Just passed a sign for an "adult food and fuel superstore". Wtf does that even mean?
im not sure but a few things come to mind which just makes me giggle
Guys should not giggle. Ever.
Karaoke makes my soul die one wretched song at a time
i have to start hiding my credit card when i drink i woke up this morning with 4 emails from Farmville telling me i spent over $800 on coins last night
i wish every aspect of life was like a bar. flirt with the cute guy two feet across from you and get whatever you want for free
Remind me to never go to the bar with your Asian friends again. I need to be able to read or pronounce what I'm drinking.
Ummm. I just wanna say this now: Don't let me invite the band back to the apartment to see my stripper pole.
The cabbie told us to at least pretend we weren't doing coke while he was driving
Honestly, I've had enough of his asshole to last me the new year.
Please tell me you're talking about his personality.
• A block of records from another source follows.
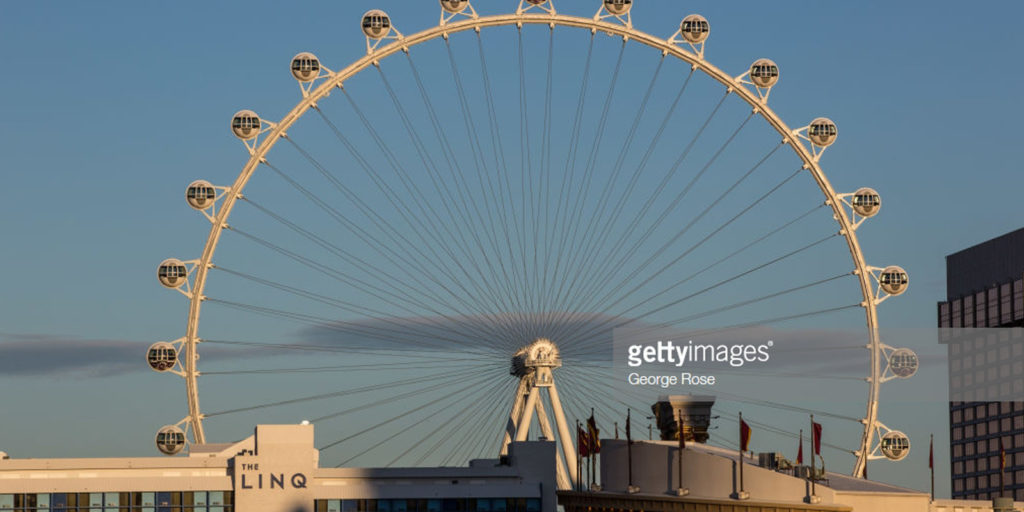 The LINQ and High Roller behind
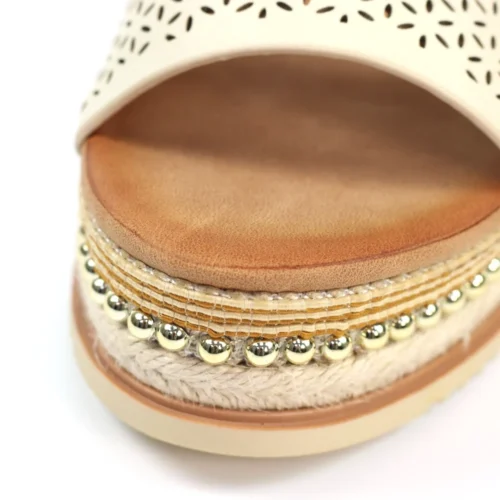 LUNAR Anya Beige Wedge Sandal -Slipper Supply Store anya beige wedge sandal p7418 425485 image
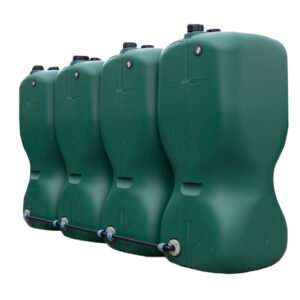 4 gekoppelde tanks van 750l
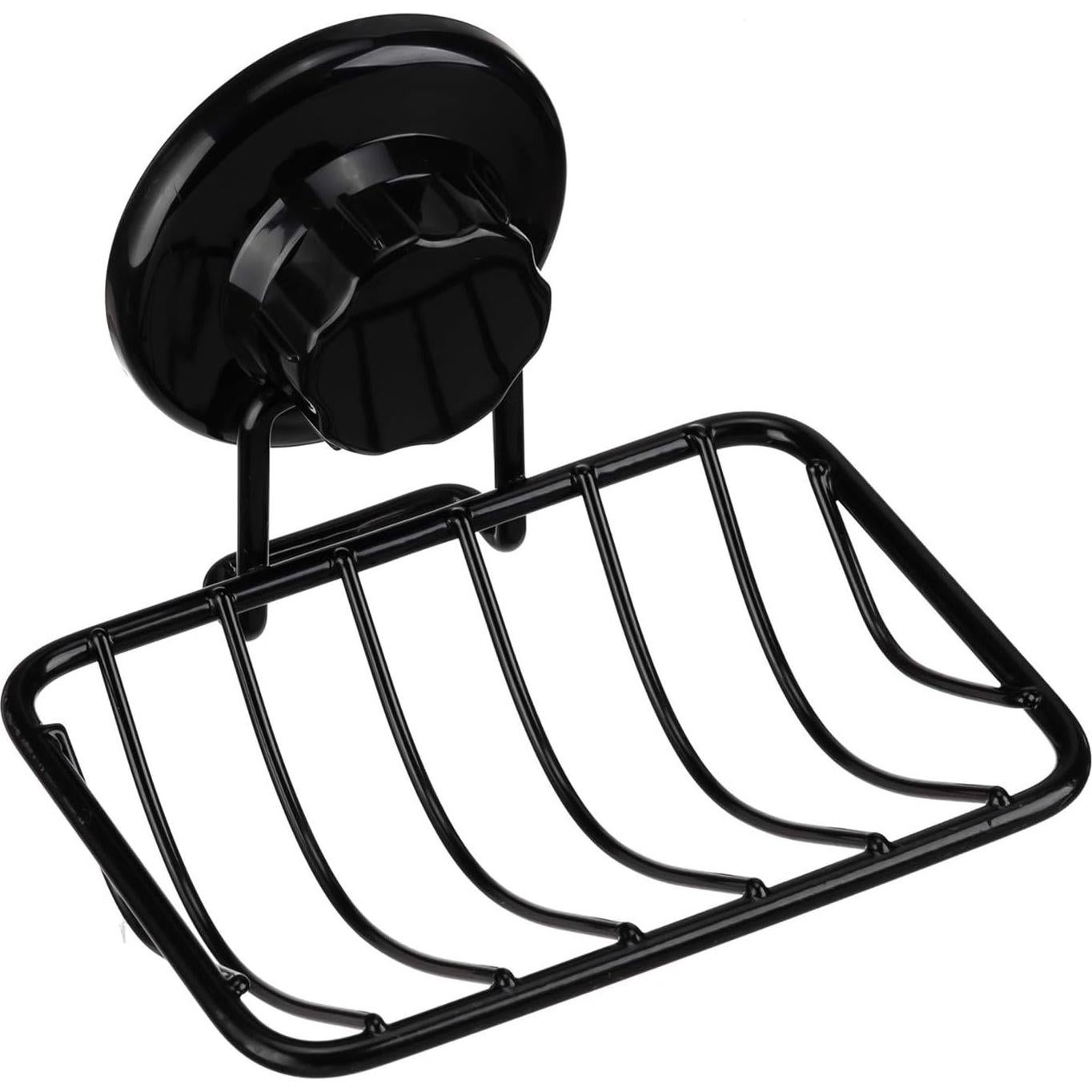 Soporte de Jabón iPEGTOP de Acero Inoxidable Negro 13.21x10.67cm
I couldn't do it. You can't break up after that many orgasms. It's physically impossible.
Seeing your boyfriend, side piece, and great white buffalo, all in one night? Its a sign right?
Proceed with caution.
We did it in the bar bathroom and the bathroom attendant sold us a condom. I love Nashville
Gave her a puke bucket just in case. She filled the bottom of it with tears. Super sad. Although I am super proud she didn't puke. That was a lot of Fireball.
He somehow obtained a megaphone and managed to scare away the out-of-control house party—the house party that HE started, by the way— by pretending to be the police.
Now just crop his dad out and add it to the spank bank.
Apparently i'm now known as the kid who was double fisting tequila and pedialyte.